Pictures aside, repeat the listing below exactly.

» **Data extract**

··········

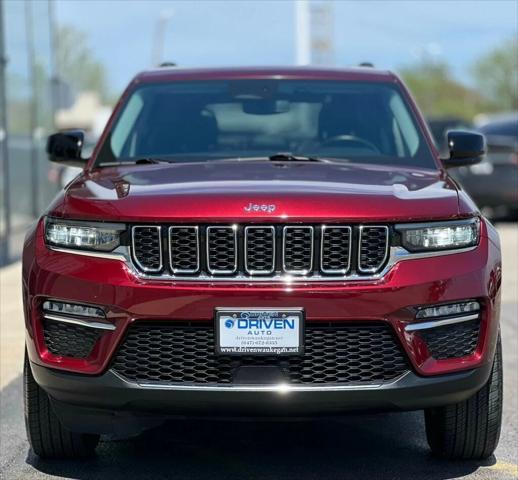 used 2022 Jeep Grand Cherokee car, priced at $29,980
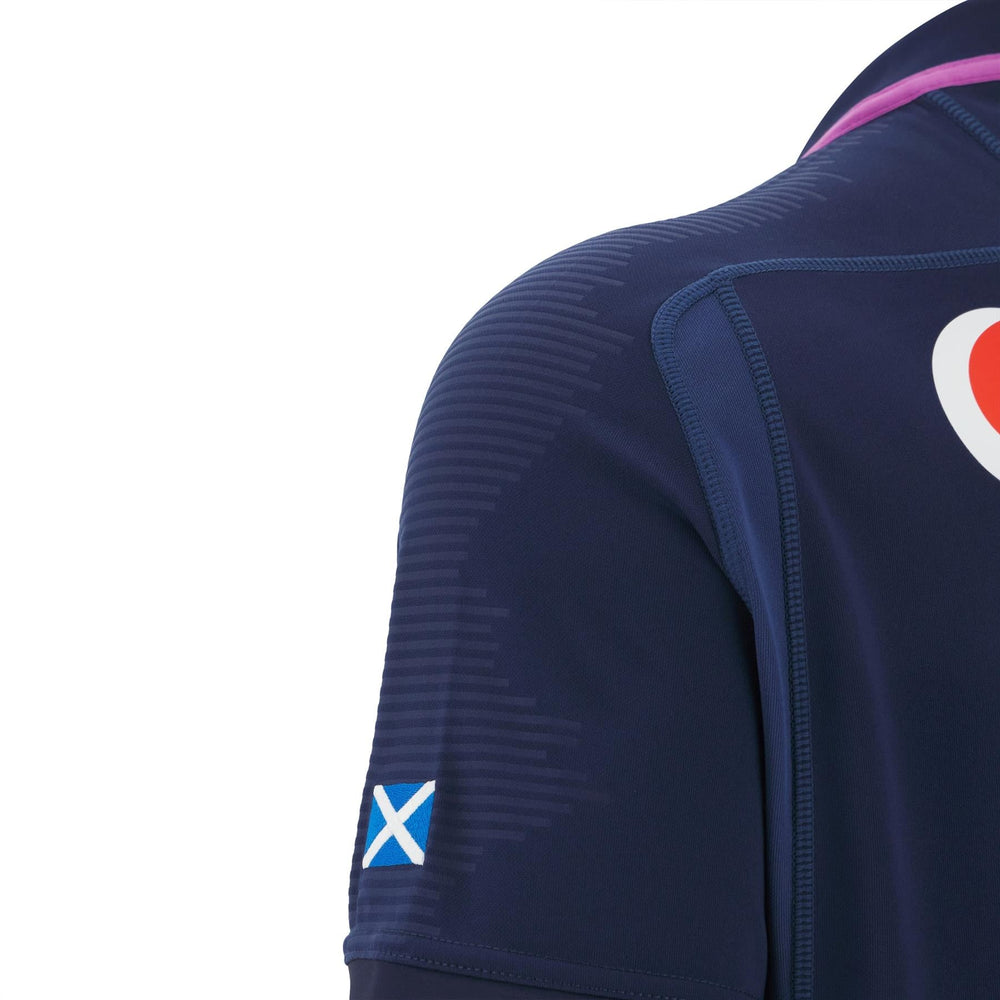 Macron Scotland Rugby Womens Home Replica Shirt | Navy | 2025/26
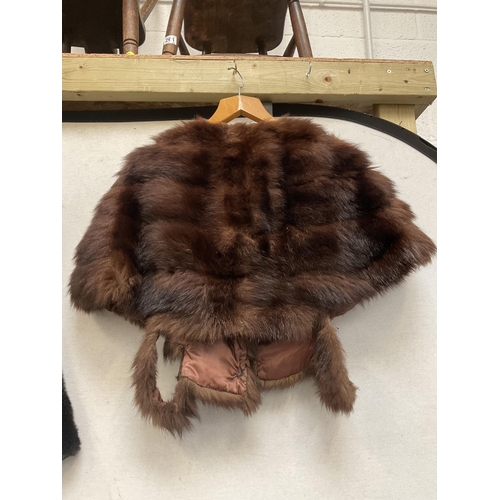 438 - 2 FUR JACKETS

··········

» **Answer to the exercise**
 used 2022 Jeep Grand Cherokee car, priced at $29,980
 Macron Scotland Rugby Womens Home Replica Shirt | Navy | 2025/26
 438 - 2 FUR JACKETS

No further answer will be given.